For cytisus and cistus please see my descriptions in issues of Pacific Horticulture for summer and fall, 1978. Most rock roses are too large for our foreground planting, but any number of dwarf brooms are ideal.
Daphnes are found here and there in small localities all across the northern Mediterranean countries. Here in Occidental we have found Daphne cneorum and some cultivars, and Daphne collina perfectly faithful plants in full sun and given little water. Sometimes one will die from no discernible cause, but, if there are two or more plants in the garden, there is no great cause for concern. As Farrer once noted, you can cosset a daphne and give it every ideal condition only to find it will not grow for you, and then discover that your neighbor has simply planted one out in ordinary soil among his bedding plants, and it is thriving. Therefore, there seems no reason not to plant one or two of these loveliest of low shrubs along our path. For its fragrance alone it is worth a place. It is perhaps worth noting that, on the island of Euboea, I saw a wide low shrub, a mass of interlaced branches that I now know to have been Daphne jasminea, one of the most beautiful of all daphnes. There it was, thriving in a twenty-five-inch rainfall area with very long hot dry summers. Perhaps one day we shall succeed in acquiring and growing a plant of it.
Dianthus are not only excellent flowering plants for our purpose, but they also provide low mats of blue or silvery foliage the year around. The best of these I have found to be Dianthus gratianopolitanus (D. caesius) and D. plumarius and their hybrids with their very blue foliage and large deep pink flowers smelling of cloves. Unfortunately, neither is strictly Mediterranean; the center of the best dianthus seems to be Central Europe and the Balkans (and, of course, the higher mountains). Those I saw in the Mediterranean hills were tall, rangy plants, only one of which, Dianthus fruticosus, shrubby, with a picturesque gnarled trunk, seemed worth introducing.

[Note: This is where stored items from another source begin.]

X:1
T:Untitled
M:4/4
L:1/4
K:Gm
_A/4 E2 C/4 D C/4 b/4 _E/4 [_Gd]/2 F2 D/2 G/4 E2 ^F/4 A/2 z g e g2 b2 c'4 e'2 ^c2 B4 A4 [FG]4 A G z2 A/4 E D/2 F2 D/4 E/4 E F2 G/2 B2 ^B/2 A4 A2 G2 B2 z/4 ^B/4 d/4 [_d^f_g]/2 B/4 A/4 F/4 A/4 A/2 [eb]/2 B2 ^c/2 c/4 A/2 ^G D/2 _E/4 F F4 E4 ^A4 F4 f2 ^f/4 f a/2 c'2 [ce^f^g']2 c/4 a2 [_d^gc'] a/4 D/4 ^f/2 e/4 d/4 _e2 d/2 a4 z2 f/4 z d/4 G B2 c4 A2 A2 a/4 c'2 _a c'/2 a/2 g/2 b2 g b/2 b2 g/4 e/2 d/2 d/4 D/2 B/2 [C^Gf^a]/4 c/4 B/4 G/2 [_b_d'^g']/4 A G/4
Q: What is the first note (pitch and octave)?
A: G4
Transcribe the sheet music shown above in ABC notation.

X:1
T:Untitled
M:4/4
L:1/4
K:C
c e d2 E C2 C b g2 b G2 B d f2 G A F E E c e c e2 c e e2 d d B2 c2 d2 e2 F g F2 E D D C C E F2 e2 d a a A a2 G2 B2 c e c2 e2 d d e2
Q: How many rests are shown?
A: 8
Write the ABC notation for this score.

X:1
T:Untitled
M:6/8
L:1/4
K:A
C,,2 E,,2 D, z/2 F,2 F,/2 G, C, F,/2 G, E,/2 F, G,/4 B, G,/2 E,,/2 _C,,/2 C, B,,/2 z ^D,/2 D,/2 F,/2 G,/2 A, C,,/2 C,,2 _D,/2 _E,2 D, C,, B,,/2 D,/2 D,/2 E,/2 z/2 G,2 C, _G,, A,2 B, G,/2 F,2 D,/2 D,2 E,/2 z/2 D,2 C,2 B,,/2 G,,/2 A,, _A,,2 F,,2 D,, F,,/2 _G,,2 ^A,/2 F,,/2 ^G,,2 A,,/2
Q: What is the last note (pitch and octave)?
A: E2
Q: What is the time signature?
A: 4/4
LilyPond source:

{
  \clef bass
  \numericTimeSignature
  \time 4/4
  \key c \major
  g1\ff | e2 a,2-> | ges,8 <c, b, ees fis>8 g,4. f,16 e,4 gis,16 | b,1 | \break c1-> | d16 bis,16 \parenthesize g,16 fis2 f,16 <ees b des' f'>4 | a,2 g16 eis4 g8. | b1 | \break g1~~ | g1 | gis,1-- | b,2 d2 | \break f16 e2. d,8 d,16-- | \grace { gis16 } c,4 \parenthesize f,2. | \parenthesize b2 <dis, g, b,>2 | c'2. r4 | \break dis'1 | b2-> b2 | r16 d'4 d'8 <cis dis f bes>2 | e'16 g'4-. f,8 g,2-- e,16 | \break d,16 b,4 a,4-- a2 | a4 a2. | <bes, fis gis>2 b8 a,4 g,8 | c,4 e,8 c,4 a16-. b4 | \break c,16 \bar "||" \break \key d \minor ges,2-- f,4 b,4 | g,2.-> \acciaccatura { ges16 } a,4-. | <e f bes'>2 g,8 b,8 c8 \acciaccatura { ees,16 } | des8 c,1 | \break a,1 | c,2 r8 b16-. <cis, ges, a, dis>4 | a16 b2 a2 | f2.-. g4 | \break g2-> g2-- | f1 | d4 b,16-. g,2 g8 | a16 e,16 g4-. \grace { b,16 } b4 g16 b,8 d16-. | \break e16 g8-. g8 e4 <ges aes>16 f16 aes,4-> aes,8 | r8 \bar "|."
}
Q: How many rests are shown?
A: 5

Dorycnium hirsutum is a charming very white and very woolly spreading pea shrub which mounds up to a height of about eight inches and will, in time, grow a yard across. White flowers flushed with pink appear here and there in this soft mass of foliage over a long period.
Erinacea pungens is perhaps the best of a number of very spiny low hedgehogs that have survived the ravages of goats and drought on hot rocky hillsides (the others include Poterium spinosum and Genista horrida). The spines of Erinacea (it is a monotypic genus) are dense and a shining silvery green. The flowers are large, violet blue, and papillionaceous, but their most attractive feature is the large, fluffy and silvery calyces among which they are set. The plant is slow growing but a number of them placed in a clump will hasten the time when they can be enjoyed.